O U.S. Bureau of Labor Statistics (BLS), em uma recente atualização de sua estimativa ocupacional, estima em 0% as perspectivas de emprego para engenheiros elétricos e eletrônicos pelos próximos 10 anos. E o IEEE-EUA, maior associação profissional de engenharia dos EUA, diz que, provavelmente, essas estimativas do BLS estão corretas.

No texto, Grove reconhece que a Intel foi criada em um momento em que escalar uma empresa era algo mais fácil de realizar. A China não era um fator em 1968.

Mas, com a perda de produção, os EUA está quebrando a cadeia de experiência, disse ele, argumentando que sistemas de incentivos precisavam surgir. Algo como "um imposto adicional sobre o produto do trabalho offshored."

"Sem escala, não apenas perdemos apenas a capacidade de gerar empregos. Perdemos o nosso poder sobre as novas tecnologias", escreveu ele.

No fim de 2014, a Intel tinha 106,7 mil empregados em todo o mundo, cerca de 51% deles sediados nos EUA.

A China, por sua vez, tem um plano formal para a obtenção de uma posição dominante na indústria de semicondutores. Com o seu National Integrated Circuits Industry Development Plan pretende liderar o mundo "em todas as áreas da cadeia de abastecimento de circuitos integrados em 2030," observaram autoridades comerciais dos EUA recentemente.

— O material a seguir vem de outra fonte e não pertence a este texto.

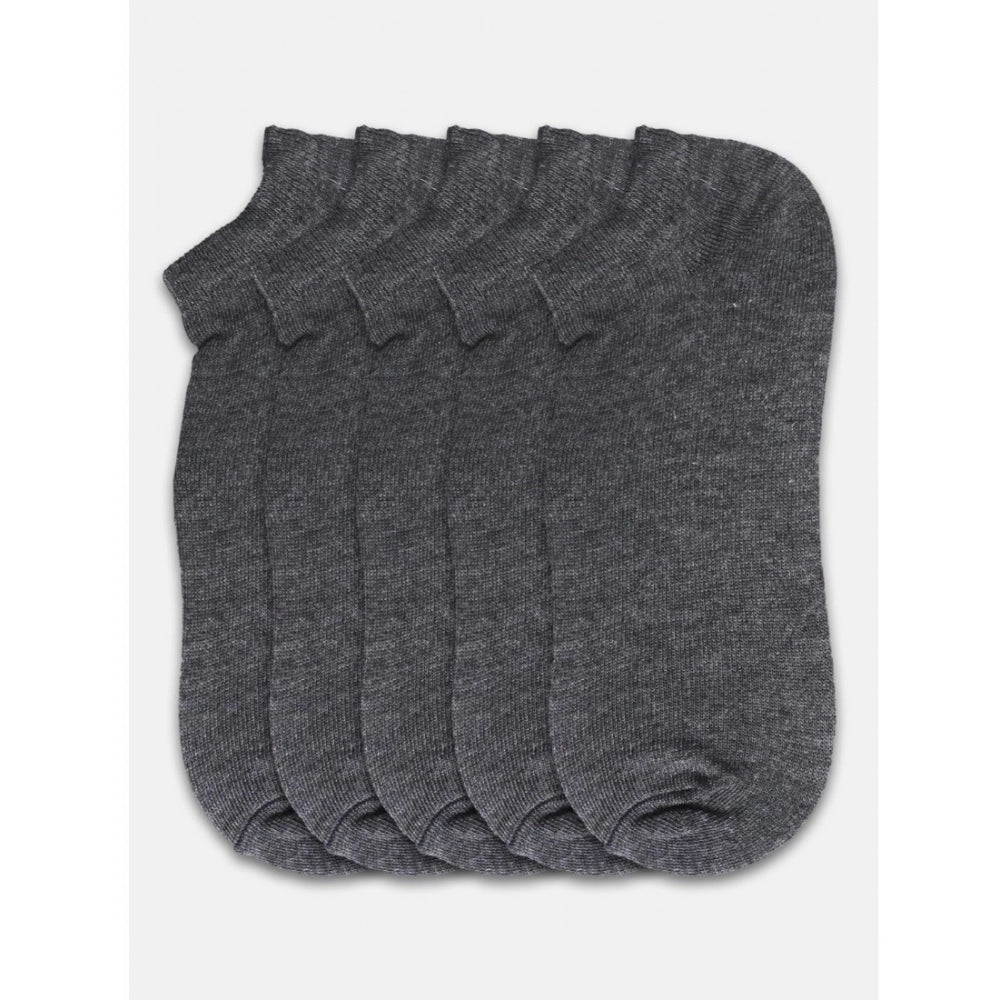 5 Pairs Unisex Casual Cotton Blended Solid Ankle Length Socks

Grove poderia estar errado sobre os riscos. Os mercados de robótica, carros autônomos e inteligência artificial - a tal Indústria 4.0 - podem impulsionar todos os tipos de novas empresas e indústrias.

O Vale do Silício pode estar mudando de uma economia baseada na fabricação de computadores, para algo mais poderoso.  Talvez uma nova geração de pessoas com as capacidades de Andy Grove para descobrir isso. Mas até aqui, sua advertência e legado permanecem.